Ebenso wie Bosch beklagt auch Joachim Möller in seinem Aufsatz „Lohnungleichheit: Gibt es eine Trendwende?“ das Festhalten der Ökonomenzunft an dem Glauben, Ungleichheit fördere die Effizienz in einer Volkswirtschaft. In seiner empirischen Analyse zeigt Möller die Entwicklung der Lohnspreizung seit 1990, die von führenden Ökonomen zunächst ausdrücklich begrüßt wurde. Er hebt die Bruttoverdienstlücke zwischen Männern und Frauen und das deutlich stärkere Auseinanderdriften der Löhne bei Frauen in Ostdeutschland hervor. Schließlich wendet er sich den Ursachen für die Entwicklung der Verteilung seit 1995 zu und identifiziert qualifikatorische, institutionelle und auf die Bewertung von Arbeitsleistung zurückgehende Effekte. Dass die Ungleichheit seit 2010 weniger schnell wächst, könnte auch auf das Mindestlohngesetz sowie auf die gezielte Förderung von Frauen zurückzuführen sein.

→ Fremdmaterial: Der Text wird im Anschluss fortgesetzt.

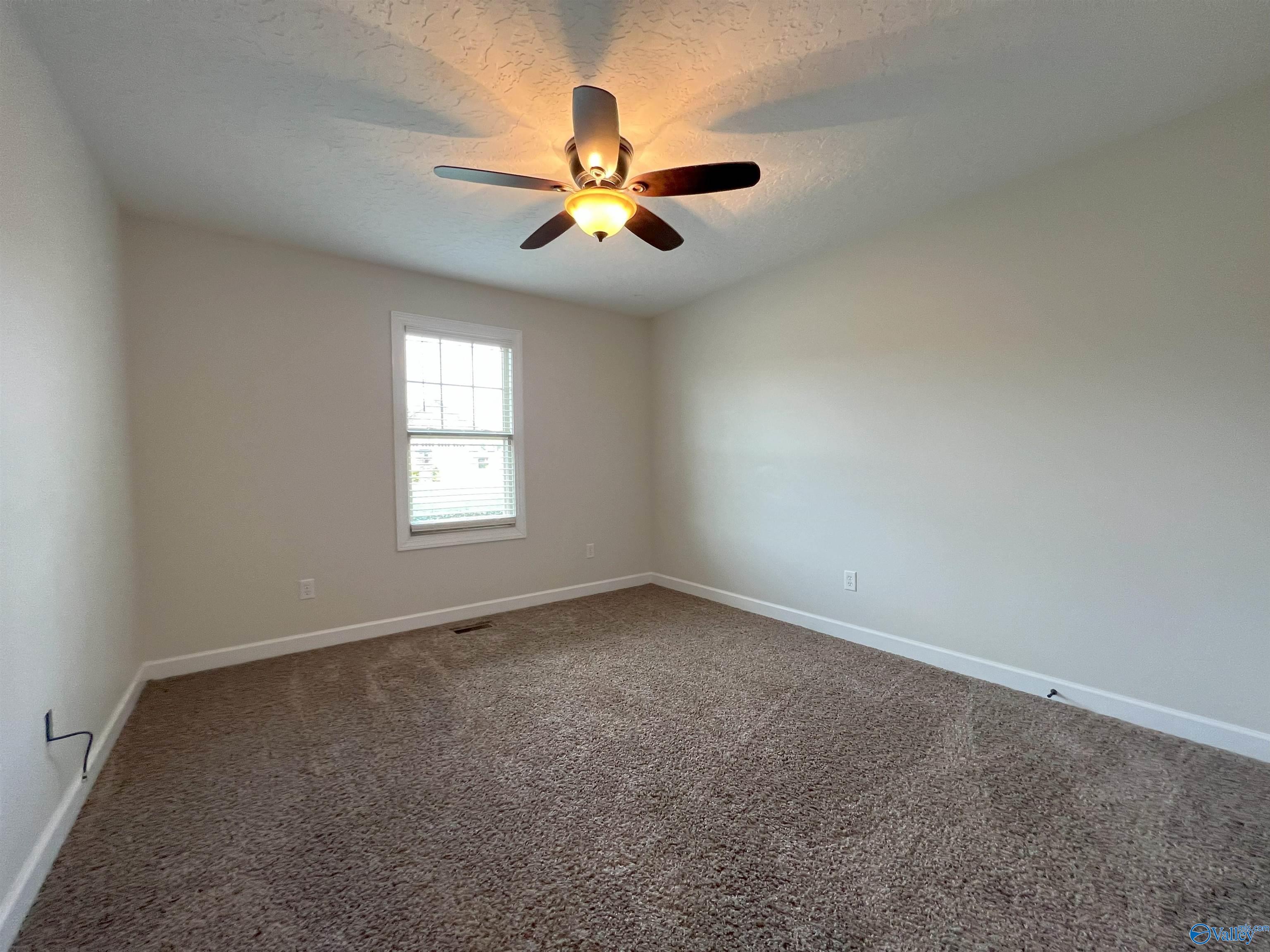 435 Creekside Circle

Mit den in diesem Heft publizierten Aufsätzen werden wesentliche Aspekte der Verteilung von Einkommen und Vermögen thematisiert, empirische Entwicklungen aufgezeigt, Ursachen und Erklärungsmuster analysiert. Dabei gibt es bei einigen zentralen Erkenntnissen einen erstaunlichen Grad an Konsens unter den Autoren. Dazu gehört etwa, dass eine Verringerung der Ungleichheit der Wirtschaftsentwicklung zugutekommt und ihr nicht schadet, dass sowohl die Primäreinkommen als auch die Einkommen nach Verteilung zu betrachten sind, das erste, um die Ursachen von unangemessener Ungleichheit zu erkennen, das zweite, um die Effizienz und Effektivität der Umverteilung zu beurteilen. Daraus leiten sich Handlungsfelder ab, die über den üblichen Kanon der Verteilungspolitik hinausgehen.